Thanks Rayne, that is very good intelligence. I had not even considered the size - weight issue.


----------



## MikeThrockmorton (Nov 4, 2013)

I would think if you had say 4 fully toothed 10" blades shoulder to shoulder on your TS arbor and all those side by side teeth engaged a board at once you'd have a heck of an instantaneous load applied.

The typical dado set has those widely spaced tooth chipbreakers which reduces the load a lot.

Could stop your saw motor dead or hurl the board.


----------



## beamrider (Mar 19, 2010)

http://woodgears.ca/shop-tricks/dado.html


----------



## jumbojack (Mar 20, 2011)

I've stacked two together with no ill effects. I cut quite a few 1/4" dados and my stack needs to be shimmed to get 1/4" leaving some ridges. So when I need 1/4" for short jobs ill use my 10" stack. Can't say for more than two, give it a try, go slow, maybe a shallow cut the first pass just to see. Let us know how you make out.


----------



## Ghidrah (Jan 20, 2015)

There'd be a heck of a lot more torque on the arbor with the added weight, chippers are maybe 1/4 the weight


----------



## Robsshop (Apr 3, 2010)

Long time since we've talked Jer(lol)
I am no expert on this matter and I am sure there will be those on here that will give a more in depth response, but I feel that this approach will have many obstacles to over come. The Dado set I use is a typical stacked dado set consisting of two outer blades with standard teeth and several chipper blades that widen the kerfs width in 1/8" increments. The first issue I see as a potential problem is the shear mass of several full blades when cutting the larger widths. 1/4" dados are achieved with the two outer blades but I don't think I would want to be around the TS with 4 or 5 blades spinning that fast ! The next issue I see has to do with the teeth spacing in which the the dado set has built in voids on the outer blades. This is so that the chipper blades can be spaced evenly and with out any of the teeth contacting each other. It may be possible to do this with 2or3 blades but I cant see it working with more than that. There are probably some other issues that others will point out, but I would do a lot of research before jumping in! I know you have a level head on your shoulders Jerry and safety first is always the best practice. Be careful my Friend, I so enjoy our exchanges and let's keep it that way(LOL)


----------



## MrUnix (May 18, 2012)

I've used Matthias's method (linked above) with great success.. cheap 7.25" circular saw blades with shims. Not a problem.

Cheers,
Brad


----------



## knotscott (Feb 27, 2009)

It'll work. I've done it with three 10" 24T FTG blades for a really deep groove. Most 7-1/4" blades are ATB grind so it'll leave a rippled bottom. That might be ok, but don't expect it to perform like a good stacked dado set.

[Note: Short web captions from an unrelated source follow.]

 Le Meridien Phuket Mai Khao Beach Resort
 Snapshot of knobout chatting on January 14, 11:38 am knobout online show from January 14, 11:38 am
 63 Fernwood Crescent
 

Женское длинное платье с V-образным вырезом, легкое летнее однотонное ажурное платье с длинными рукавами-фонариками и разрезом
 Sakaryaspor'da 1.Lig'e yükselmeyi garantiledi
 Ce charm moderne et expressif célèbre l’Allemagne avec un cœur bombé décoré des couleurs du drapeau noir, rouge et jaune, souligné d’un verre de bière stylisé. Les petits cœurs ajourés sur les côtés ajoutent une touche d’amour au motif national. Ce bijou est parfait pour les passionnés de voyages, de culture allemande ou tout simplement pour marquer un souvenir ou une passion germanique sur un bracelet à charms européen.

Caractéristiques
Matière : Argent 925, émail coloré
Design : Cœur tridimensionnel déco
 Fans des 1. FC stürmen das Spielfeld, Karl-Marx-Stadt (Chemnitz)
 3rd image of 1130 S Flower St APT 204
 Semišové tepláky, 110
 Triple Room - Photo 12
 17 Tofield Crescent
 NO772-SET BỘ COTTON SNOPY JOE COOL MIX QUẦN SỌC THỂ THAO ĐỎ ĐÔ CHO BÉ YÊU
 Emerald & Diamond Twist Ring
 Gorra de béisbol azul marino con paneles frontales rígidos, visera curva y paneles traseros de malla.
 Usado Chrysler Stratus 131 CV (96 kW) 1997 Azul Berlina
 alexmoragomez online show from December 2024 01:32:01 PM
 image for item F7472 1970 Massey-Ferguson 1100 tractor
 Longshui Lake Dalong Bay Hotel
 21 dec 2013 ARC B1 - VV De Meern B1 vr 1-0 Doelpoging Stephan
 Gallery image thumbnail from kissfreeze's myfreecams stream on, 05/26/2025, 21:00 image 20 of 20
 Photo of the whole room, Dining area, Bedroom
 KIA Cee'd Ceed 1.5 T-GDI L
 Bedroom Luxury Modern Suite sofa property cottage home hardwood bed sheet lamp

One of the more significant differences is that a stacked dado set has two outside cutters with top beveled teeth, each of which is dedicated to one side. Those beveled teeth protrude slightly above the inside cutters to reduce tear out on cross grain cuts.










A stack of ATB blades will leave multiple ridges from a series of v-shapes like this:


----------



## bandit571 (Jan 20, 2011)

Used to do this on my old Craftsman 113. Outer two blades have as many teeth as one can get on a circular saw blade, the inner one(s) were as few teeth as a rip blade could be. A paper shim between them helps, as well.


----------



## pintodeluxe (Sep 12, 2010)

Try a Freud Diablo stacked dado set. They can be had for around $80 on Amazon. I cut thousands of tenons and mile of dados before it finally needed to be resharpened this year. 
One big advantage of a traditional stacked dado set is the shims. You can make a perfect groove for even sizes, or undersized plywood.
Plus a 3/4" stack of 10" blades would require at least 6 blades, so the traditional dado stack may even be cheaper.
Good luck with it.


----------



## rick1955 (Jun 26, 2014)

I would call it inexperienced. You don't need a 10" dado for one. You haven't done the research or read enough in the magazines. 
http://www.amazon.com/Oshlun-SDS-0842-8-Inch-Tooth-Stack/dp/B0012YF25Q
The Oshlun SDS-0843 is highly rated. It compares to dado sets at $200.


----------



## ShipWreck (Feb 16, 2008)

> I was divided about where to post this, but ultimately since I m wondering if this is safe, this is where it wound up.
> 
> After looking at multi - hundred dollar dado sets, I had to ask myself, "Self, what really is the difference between a bunch of saw blades mounted on the same arbor and an "official" dado stack? It seems to me that if you had a bunch of high quality blades, all the same type and could mount them with the teeth not touching each other, that it would work just like a dado set.
> 
> ...


I love creative thinkers like yourself. But in this case, I think a 1 1/2 HP saw might be too weak. The diameter of the blades would bog the saw motor down…....IMHO. But there are smarter folks on here than me that could chime in.


----------



## rwe2156 (May 7, 2014)

Multi-hundreds for a dado set? You're either looking at 10" or Forrests.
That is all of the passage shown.